Black Elk
In its heyday of producing movies set in the west it was customary for Hollywood to portray Indians as measuring time by the passage of summers, or full moons for shorter periods. In fact the Sioux measured the years by the passage of winters, and Black Elk, according to Lakota tradition, was born in the winter when the “four Crows were killed on the Tongue River.” The Crows referred to are not birds, but members of the Crow tribe, traditional enemies of the Lakota. The winter refers to the winter of 1863, and Black Elk was likely born in what is now Wyoming.
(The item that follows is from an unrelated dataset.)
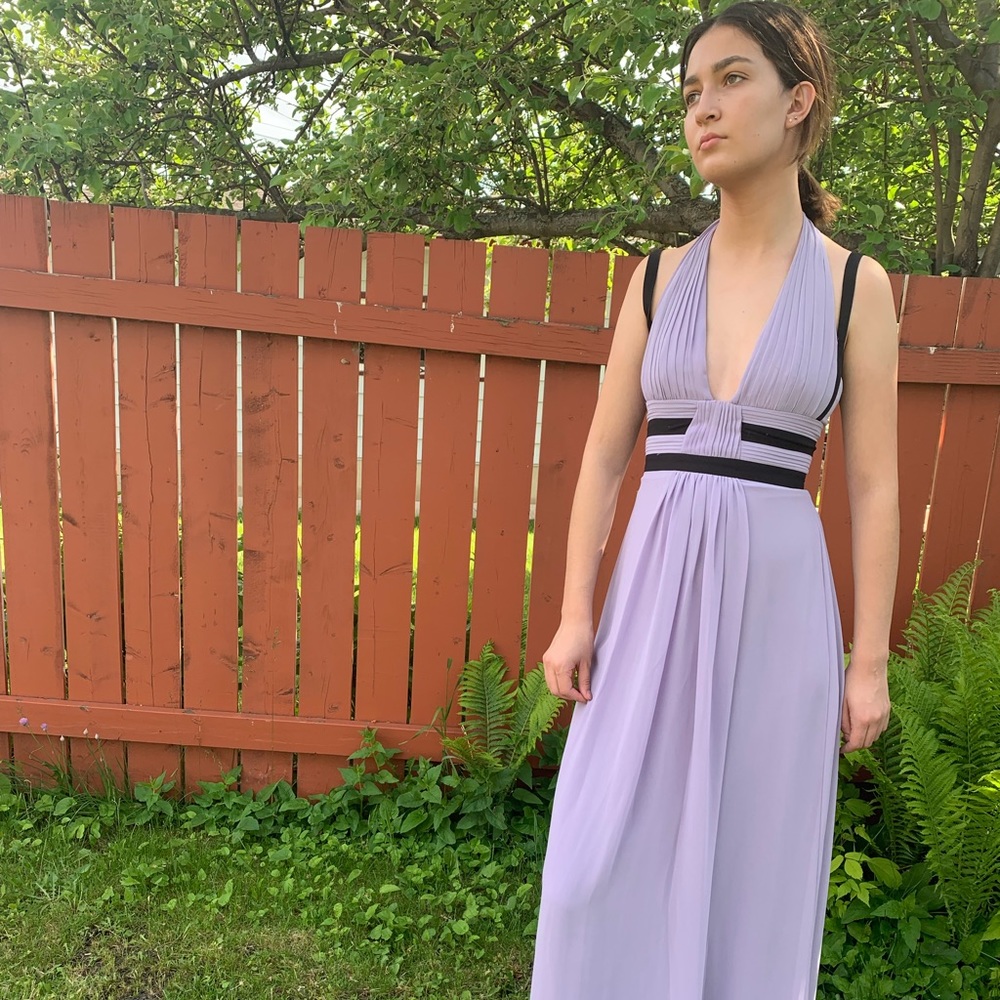 Lilac Halter Gown/Prom Dress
He was both a mystic, what was known as a medicine man, and a warrior. Black Elk was prone to having visions beginning as a young boy, and throughout his life these visions would shape his opinions of what was best for the Lakota and for the rest of the Sioux nation. As a healer and medicine man Black Elk’s influence among the Sioux was strong among the warriors and children, but less so with the tribal leaders, including Crazy Horse, who was often dismissive of the visions described by Black Elk. Black Elk was present at the Little Big Horn, but not engaged as a warrior, and his later descriptions of the battle changed over time.
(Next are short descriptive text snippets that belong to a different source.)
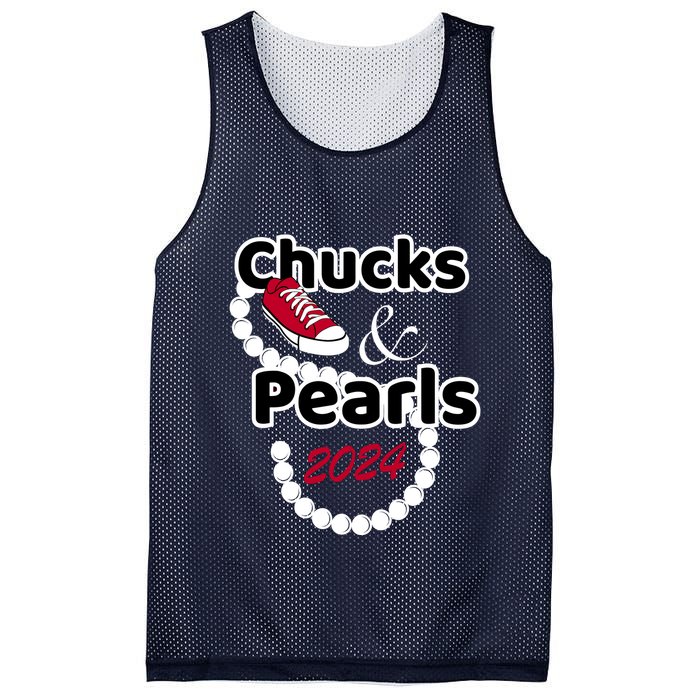 Chucks And Pearls Cute Wo 2024 Mesh Reversible Basketball Jersey Tank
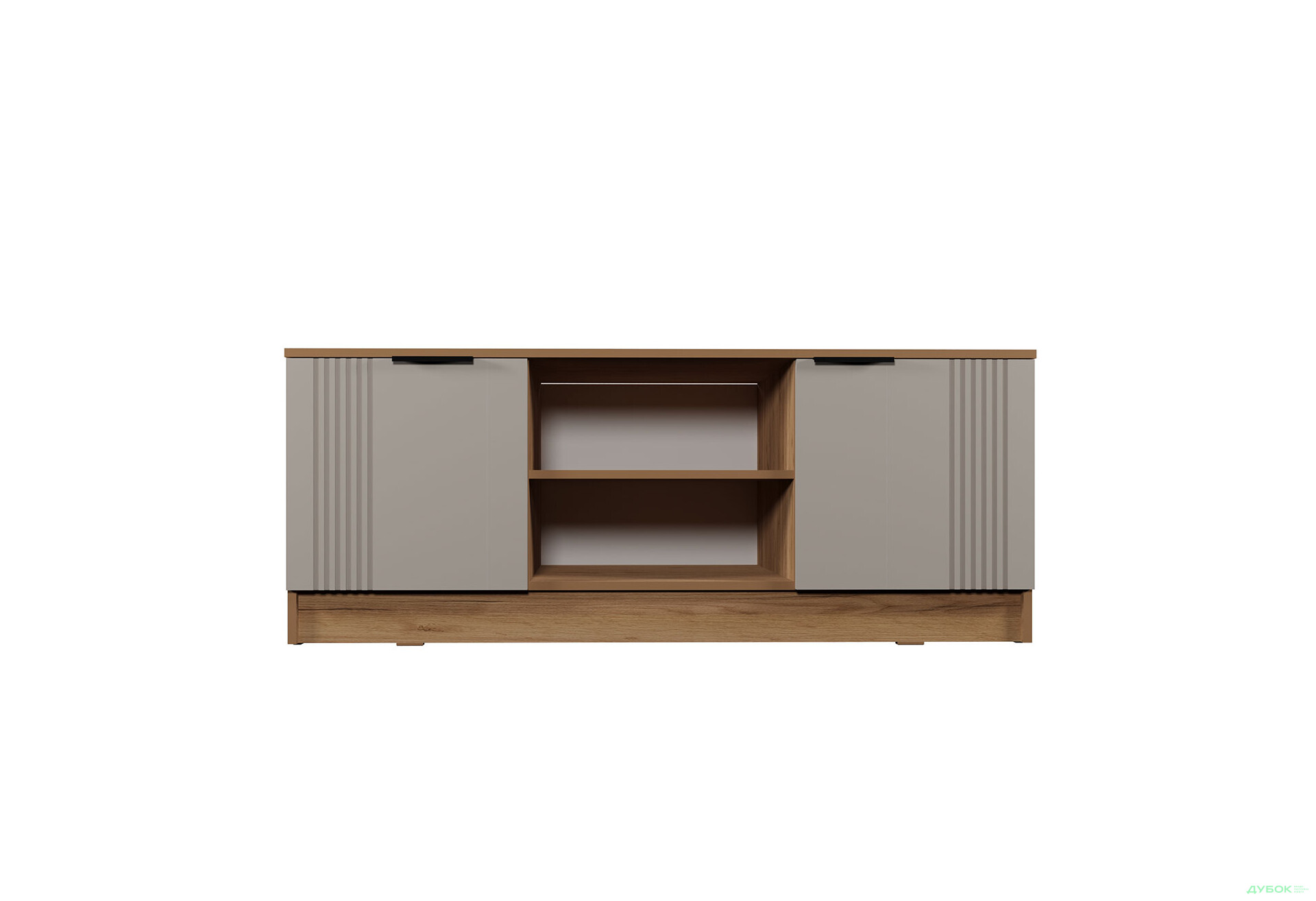 Зображення 1 - ТВ тумба Viant АРС ТВ-7 2-дверна з полицями 140 см, тахо / кашемір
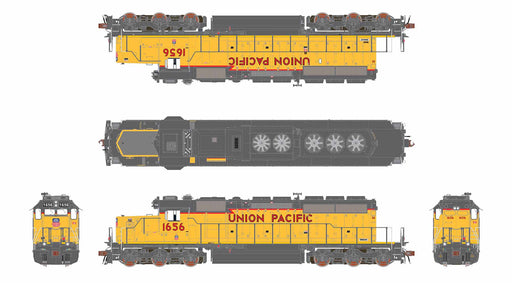 ScaleTrains Rivet 40804 HO Scale EMD SD40-2 Union Pacific UP 1656 - DC (SD40N Rebuild 116" Snoot Nose)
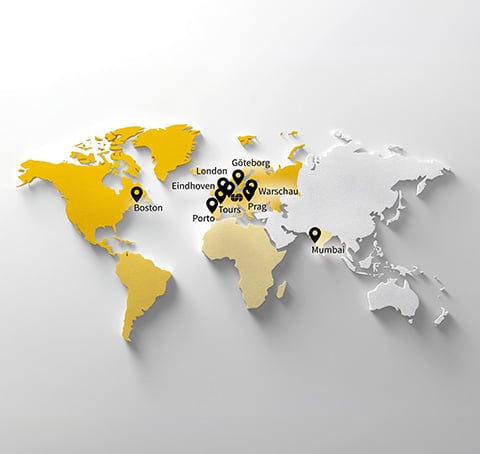 Regional verwurzelt, weltweit für Sie da.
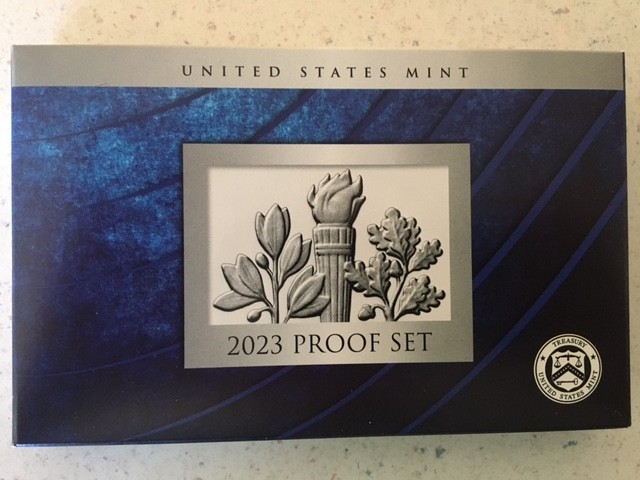 2023 S US Mint Proof Set - 10 Coins w/ Box & COA - 23RG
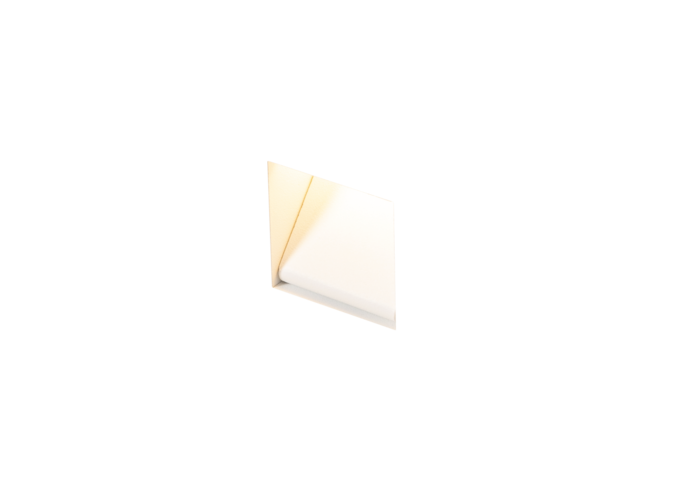 Ingebouwde Wandlamp 'Calore' - S - White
Black Elk traveled to Canada with Sitting Bull’s followers, later returning to American territory and the Pine Ridge reservation in 1881. In 1886 he joined Buffalo Bill’s Travelling Wild West Show on a trip to England after some appearances in the United States. He was back at Pine Ridge by 1889, and joined the Ghost Shirt movement espoused by Sitting Bull. The Ghost Shirts believed that their rituals would create a spiritual force which would drive the whites off the Sioux lands, and when concerned US authorities moved to arrest some of the movement’s leaders it led to the death of Sitting Bull. Two weeks following his death Black Elk was injured trying to retaliate following the Battle of Wounded Knee.
Black Elk surrendered for the final time shortly after and returned to Pine Ridge, where he converted to Catholicism, under the name of Nicholas Black Elk. His first wife was a Catholic but Black Elk did not convert to Catholicism until after her death in 1903. He remarried in 1905, to a widow with two children with whom he had three more children. Between his two marriages he was the father of six, and stepfather of two. In the 1930s he began producing a show along the lines of those presented by Buffalo Bill. It was held in the Black Hills, and presented the peaceful culture of the Lakota, rather than the warrior culture depicted elsewhere.
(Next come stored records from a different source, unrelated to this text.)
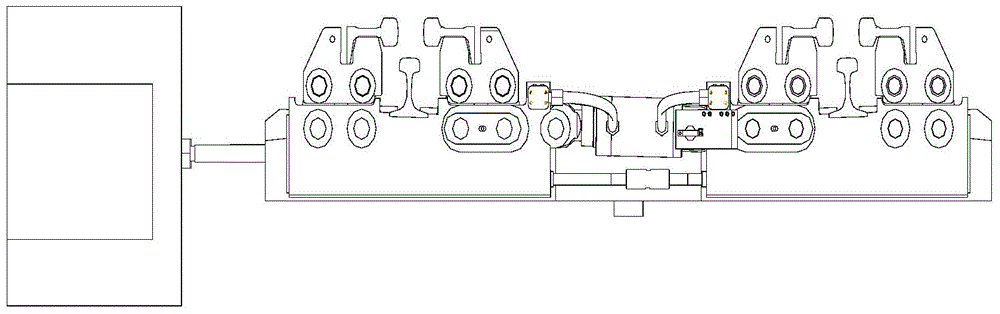 Double-clamping flat-pushing non-gravity-type electro-hydraulic vehicle retarder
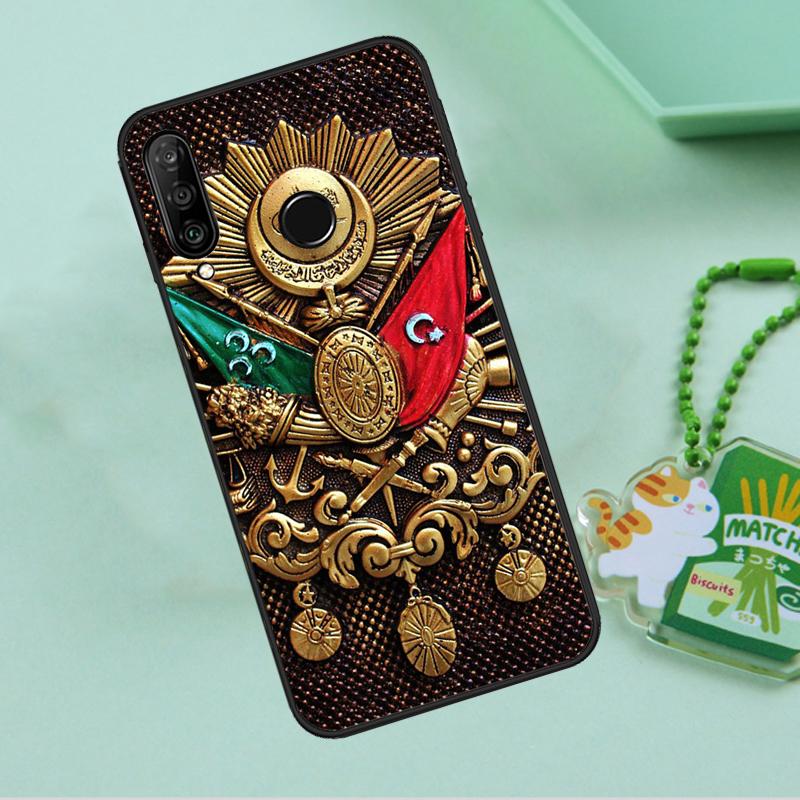 Ottoman Empire Coat Of Arms For Huawei Nova 8i 11i 12i 12s 9 10 SE Y90 Y60 Y70 Y72 Y61 Y91 P20 P30 P40 Lite P60 Pro Case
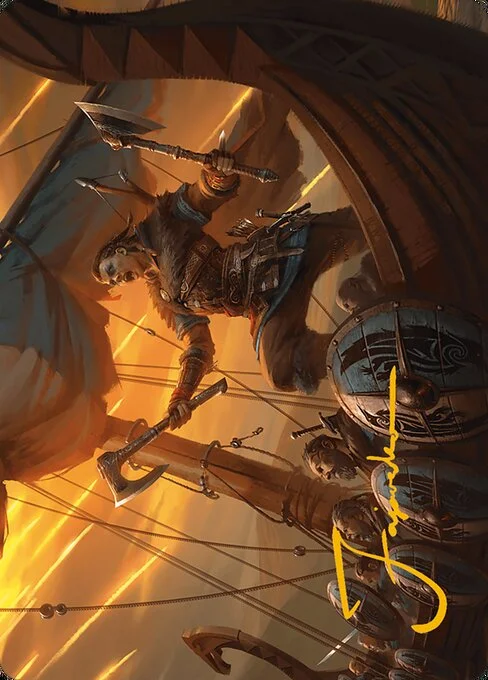 Eivor, Battle-Ready // Eivor, Battle-Ready, carta Magic di tipo Card // Card illustrata da Fajareka Setiawan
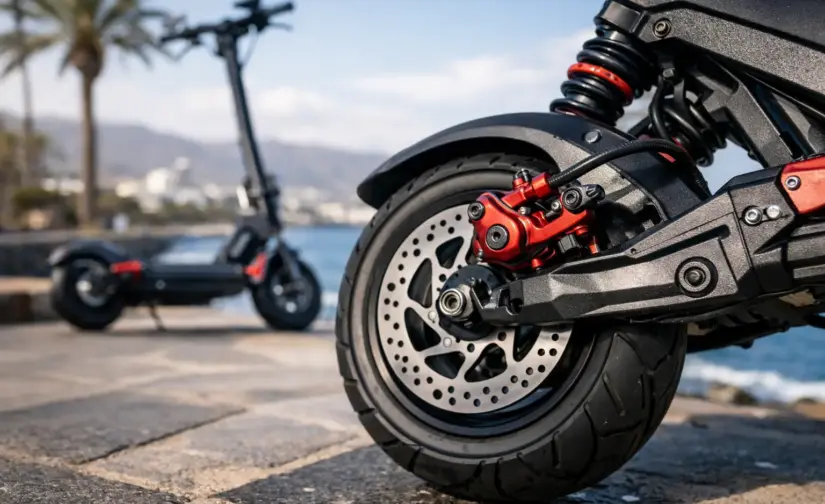 Frenos para patinete eléctrico: qué elegir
Late in life Black Elk dictated many of his visions and his interpretations of them to several writers, the most prominent result of which is the book Black Elk Speaks written by John Neihardt, although Black Elk’s words were interpreted by Black Elk’s son and recorded and edited by Neihardt’s daughter. Black Elk could not correct the final result. The book has been frequently cited as a source for studying and understanding the spirituality of the Sioux and the American Indian generally, particularly by proponents of the American Indian Movement (AIM). Black Elk died in 1950.